• [Material for the task]:
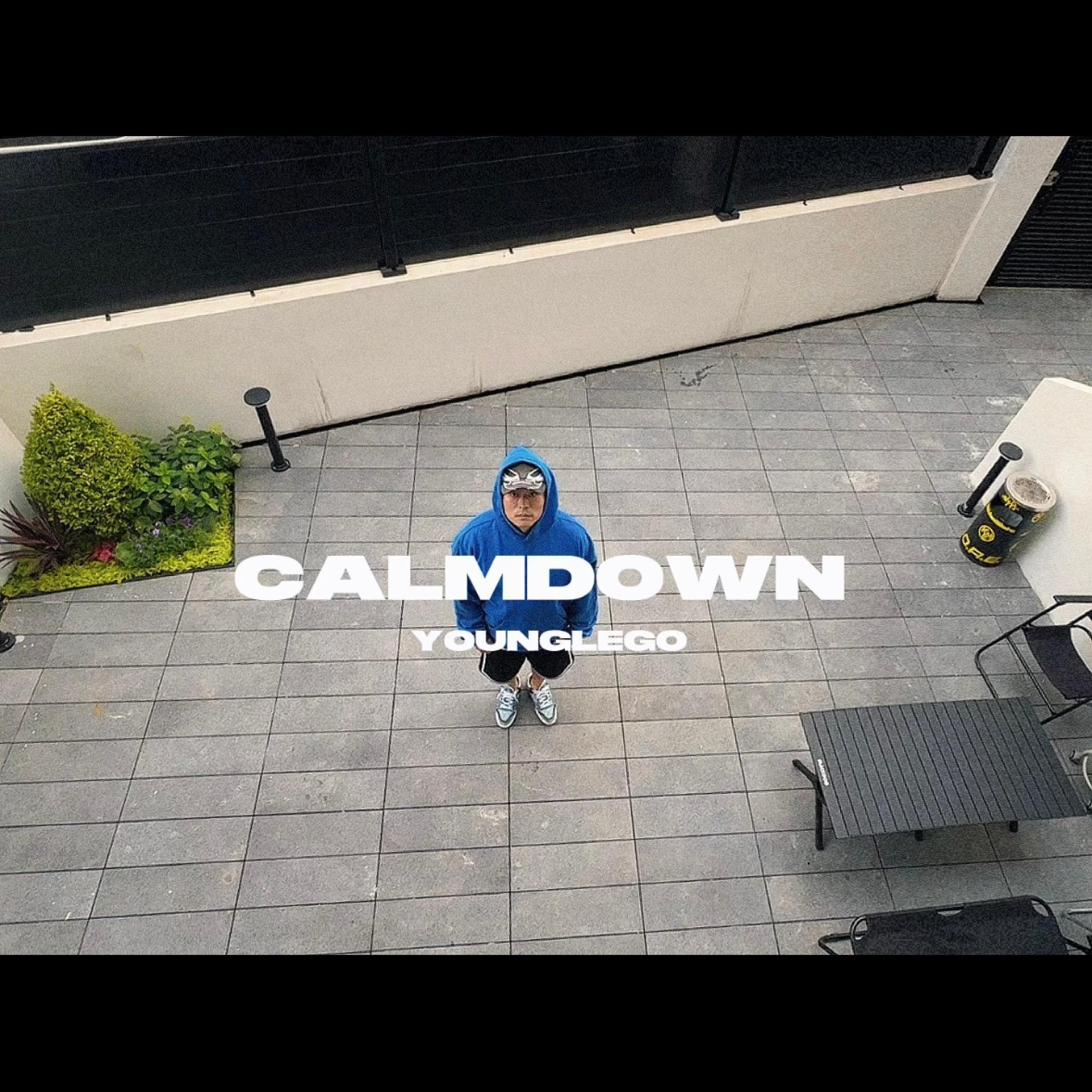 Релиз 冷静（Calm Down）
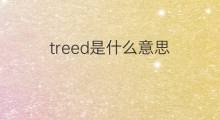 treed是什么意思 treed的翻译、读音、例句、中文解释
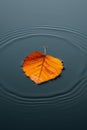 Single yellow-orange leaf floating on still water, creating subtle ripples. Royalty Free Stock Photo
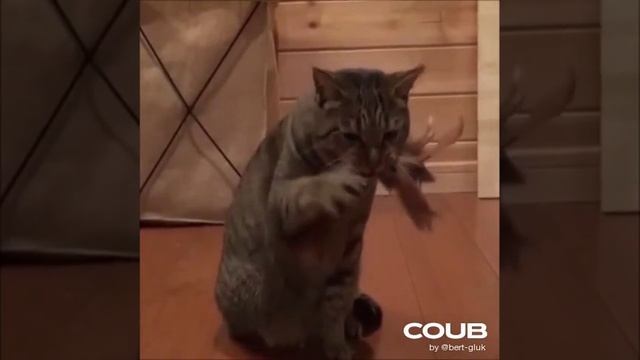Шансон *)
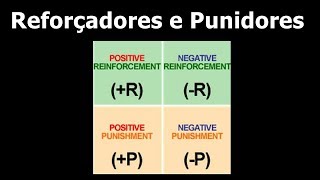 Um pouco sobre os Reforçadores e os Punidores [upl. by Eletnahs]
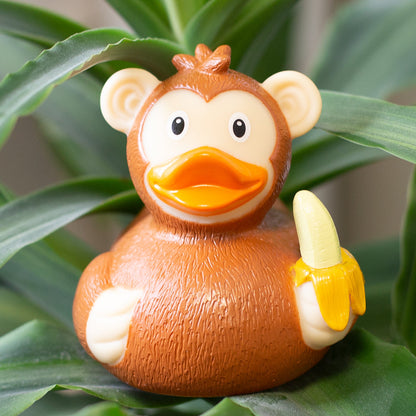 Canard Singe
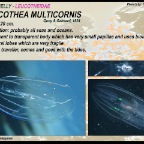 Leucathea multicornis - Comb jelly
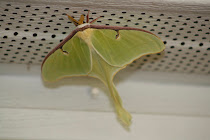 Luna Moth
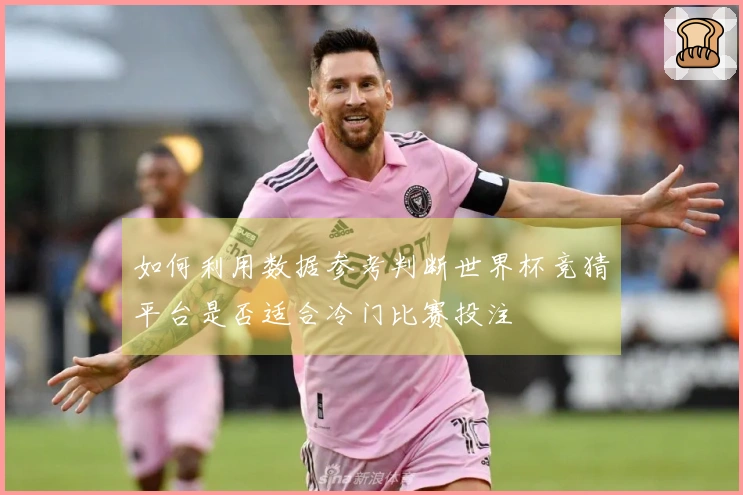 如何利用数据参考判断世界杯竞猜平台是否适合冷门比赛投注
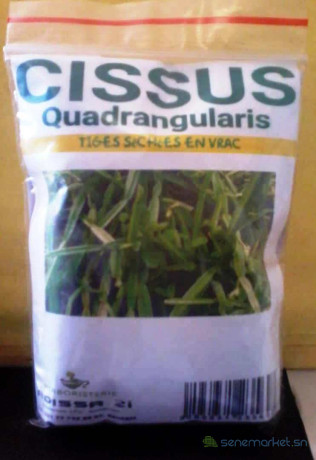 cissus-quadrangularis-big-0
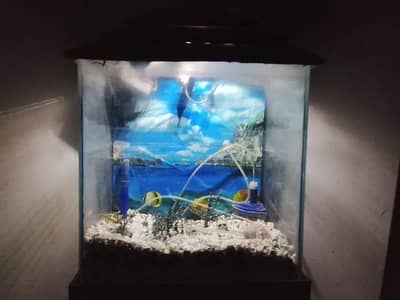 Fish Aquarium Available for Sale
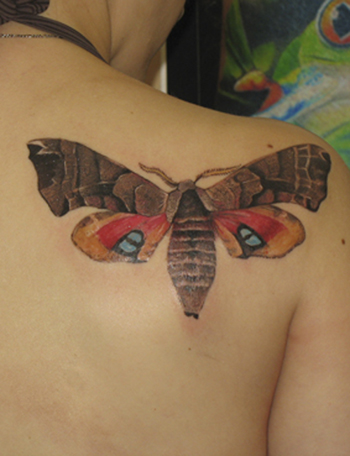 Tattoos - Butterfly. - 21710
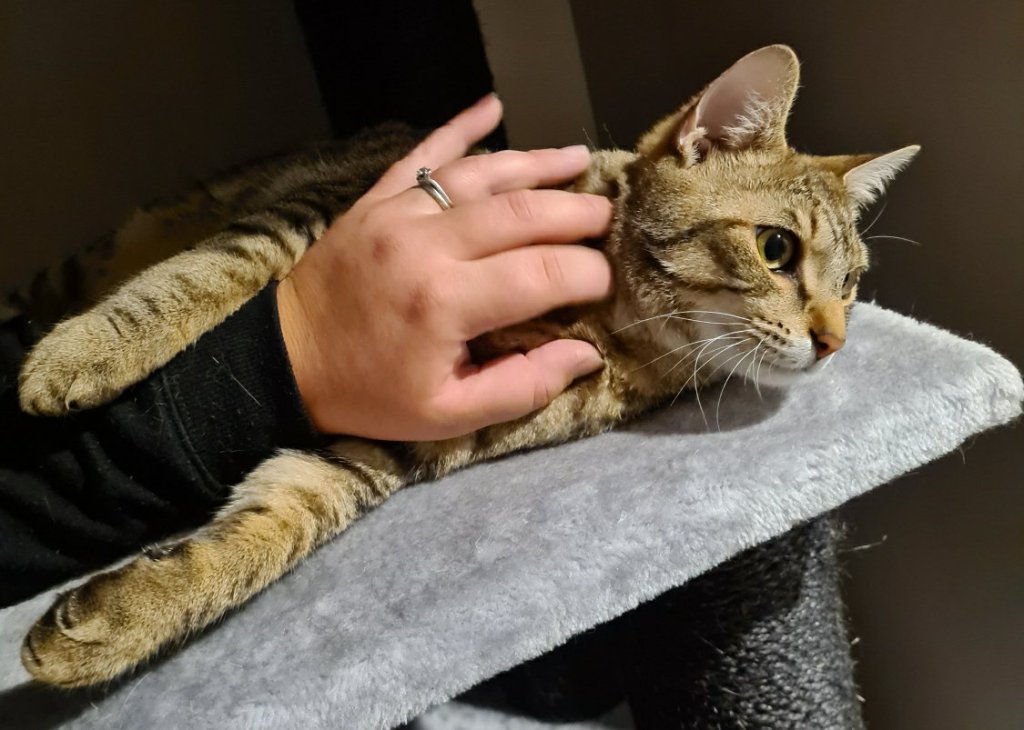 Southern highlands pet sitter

• [What is required]: Write out exactly the lines from the one containing "Leucathea multicornis - Comb jelly" through the last line of the records above, both ends included, and leave out any pictures.

• [Result]:
 Leucathea multicornis - Comb jelly
 Luna Moth
 如何利用数据参考判断世界杯竞猜平台是否适合冷门比赛投注
 cissus-quadrangularis-big-0
 Fish Aquarium Available for Sale
 Tattoos - Butterfly. - 21710
 Southern highlands pet sitter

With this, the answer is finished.